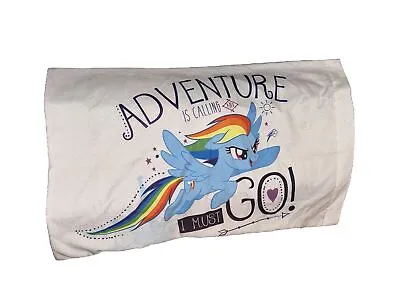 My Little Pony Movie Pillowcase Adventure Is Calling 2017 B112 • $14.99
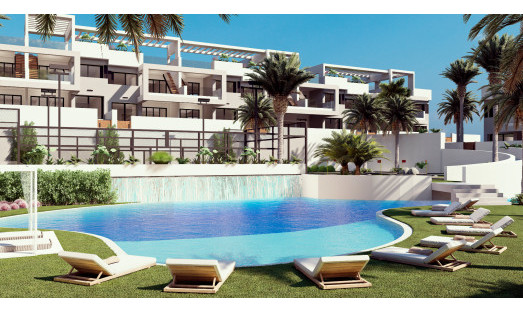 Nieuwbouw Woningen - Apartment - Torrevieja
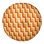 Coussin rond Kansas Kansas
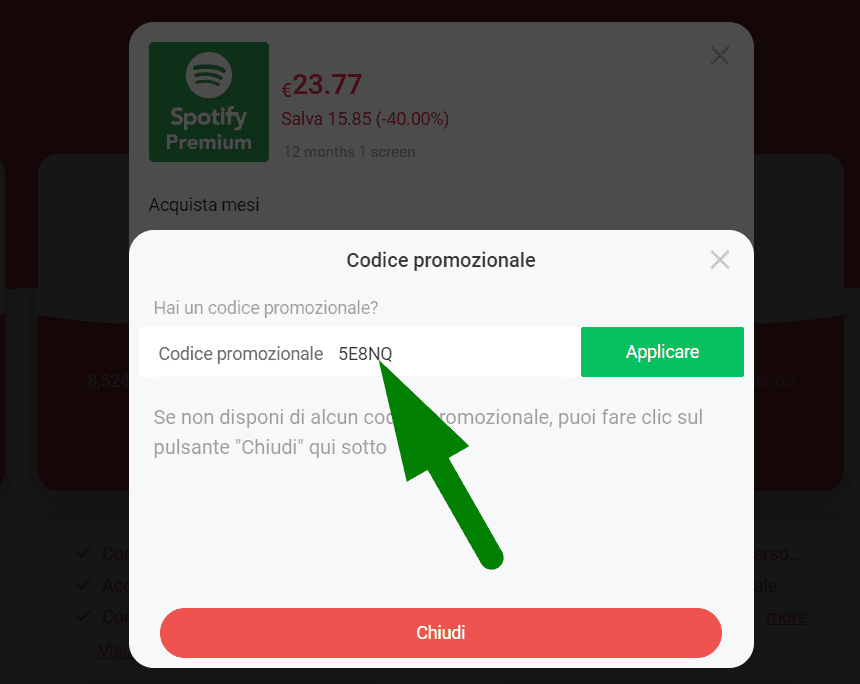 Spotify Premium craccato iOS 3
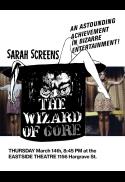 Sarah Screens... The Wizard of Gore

===============

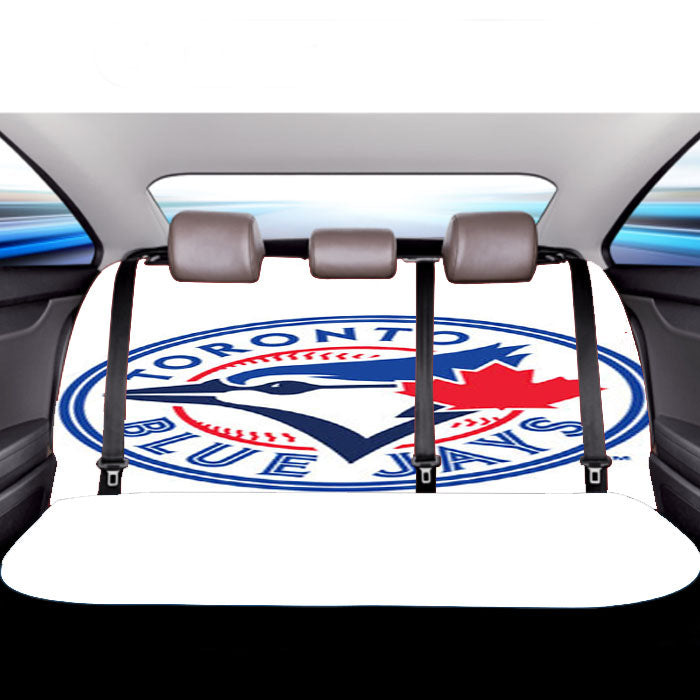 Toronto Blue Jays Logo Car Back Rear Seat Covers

===============

__DIRECTIONS FOR THIS TASK__. In the data above, start at the line holding "My Little Pony" and stop after the line holding "Sarah Screens... The Wizard of Gore"; write out those lines exactly, without pictures.

__WRITTEN RESPONSE__.
 My Little Pony Movie Pillowcase Adventure Is Calling 2017 B112 • $14.99
 Nieuwbouw Woningen - Apartment - Torrevieja
 Coussin rond Kansas Kansas
 Spotify Premium craccato iOS 3
 Sarah Screens... The Wizard of Gore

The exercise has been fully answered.